(Data supplied begins)
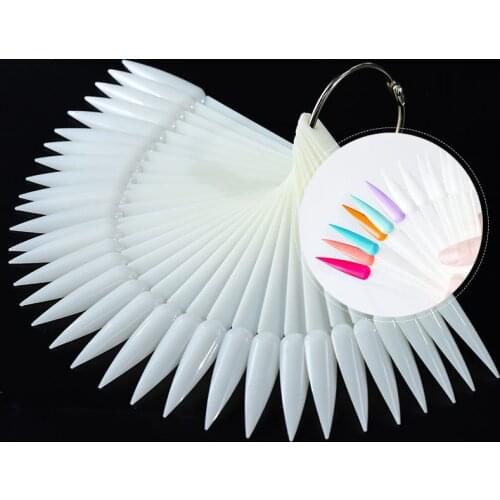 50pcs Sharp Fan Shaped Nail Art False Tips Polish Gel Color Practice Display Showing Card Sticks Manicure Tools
(Data supplied ends)
(Data supplied begins)
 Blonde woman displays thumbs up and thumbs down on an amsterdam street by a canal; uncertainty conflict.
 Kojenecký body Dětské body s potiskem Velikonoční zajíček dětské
(Data supplied ends)
> _About this task_:
Your answer must be the lines above from the one containing "Blonde woman displays" to the one containing "Kojenecký body Dětské", both included, restated word for word.

> _Output below_:
 Blonde woman displays thumbs up and thumbs down on an amsterdam street by a canal; uncertainty conflict.
 Kojenecký body Dětské body s potiskem Velikonoční zajíček dětské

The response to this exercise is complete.